• On arrête tout ? – sur L’An 01 de Doillon, Gébé, Resnais et Rouch | Mériam Korichi | AOC media
    https://aoc.media/critique/2020/03/29/on-arrete-tout-sur-lan-01-de-doillon-gebe-resnais-et-rouch

    « On arrête tout », « On réfléchit », « Et [on voit que] c’est pas triste ». C’est les propos de trois personnages coiffés de chapeau cloche (que l’on retrouve dans le film) sur la couverture de la BD.

    C’est un film collectif, fait à beaucoup, mais pas tous à la fois, comme dit la bande-son du générique fait de bulles BD agglutinées qui consigne les noms d’à-peu-près 300 acteurs. Gébé et Doillon sillonnèrent la France pour tourner avec de nombreux volontaires. Film participatif, film aux multiples séquences improvisées, film néanmoins monté suivant un ton impérieux d’irrévérence, dans l’idée de mettre en pratique un esprit résolument libertaire qui serait également partagé.

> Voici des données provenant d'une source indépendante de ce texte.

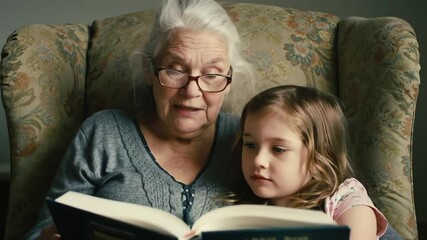Grandmother reading a book to granddaughter in cozy armchair, celebrating World Book Day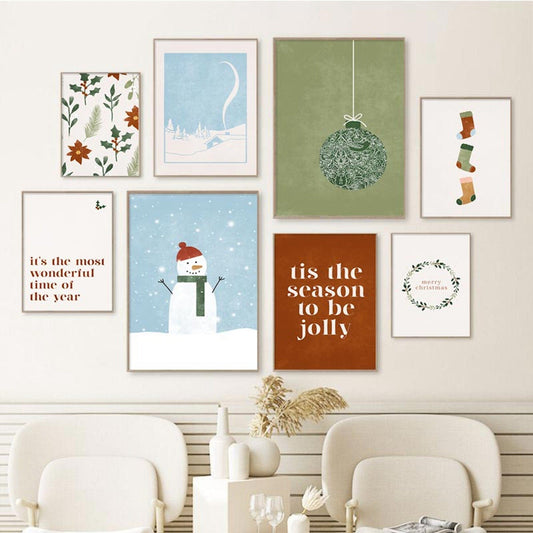 Poster Weihnachtskugel Schneemann Spruch I Wohnkultur| Bilder Wohnzimmer | Wandbilder Schlafzimmer | Deko Print ohne Rahmen | Bilder Set - justgoodmood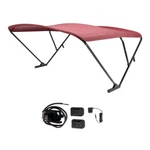 Sureshade Battery Powered Bimini - Black Anodized Frame & Burgundy Fabric. Fixed Price $1659.00.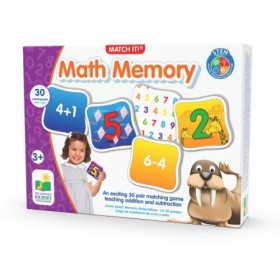 Joc Educativ STEM Sa memoram calcule matematice cu 30 perechi de cartonase recomandat de la 3 ani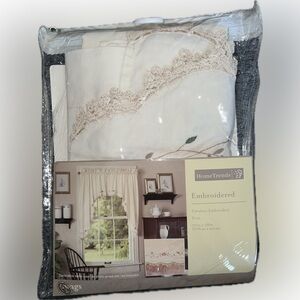 💥Hometrends Ecru Caroline Embroidered Kitchen Swag Floral Crochet Pair 70 x 38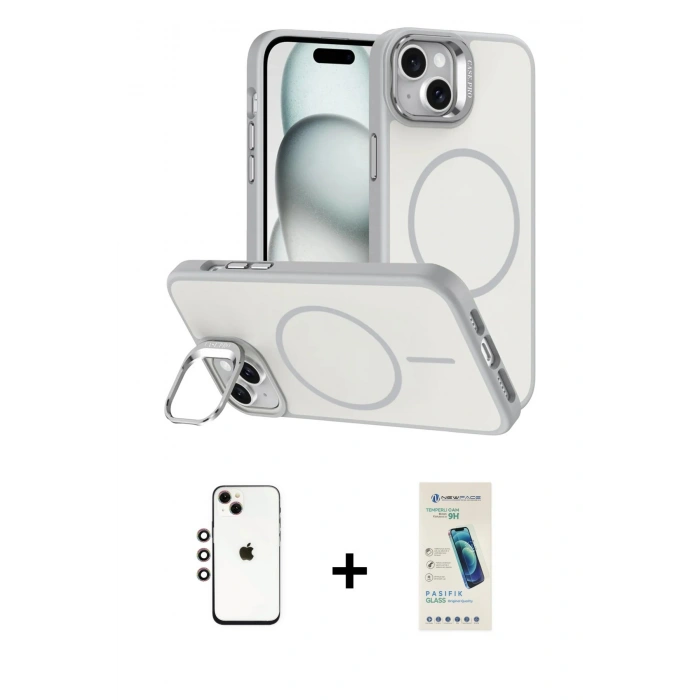 MARSİLYAN™- iPhone 14 Kılıf Çekirdek Klasik - Şeffaf Pasifik Cam Ekran Koruyucu + Shine Kamera Lens - GI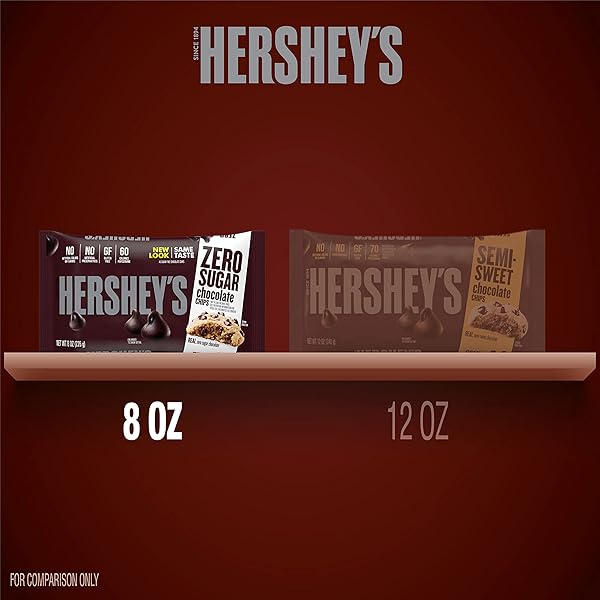 HERSHEY’S ZERO SUGAR CHOCOLATE BAKING CHIPS BAG, 8 OZ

    Disposant d’un budget minime (vingt-cinq fois moindre que celui d’une production normale, le CNC ayant refusé l’avance sur recettes), le film réunit ainsi nombre d’acteurs improvisés mais aussi Gérard Depardieu dans son premier rôle au cinéma, ouvrant magistralement le film dans les deux scènes dialoguées retranscrites plus haut, Miou-Miou, Gotlib, l’équipe d’Hara Kiri, des équipes de compagnies et de théâtres très engagés comme l’équipe de l’Aquarium, de Pezenas, du Chêne noir, la proto-troupe du Splendide (on reconnaît Gérard Jugnot et Thierry Lhermitte), Coluche… Un assemblage incroyable.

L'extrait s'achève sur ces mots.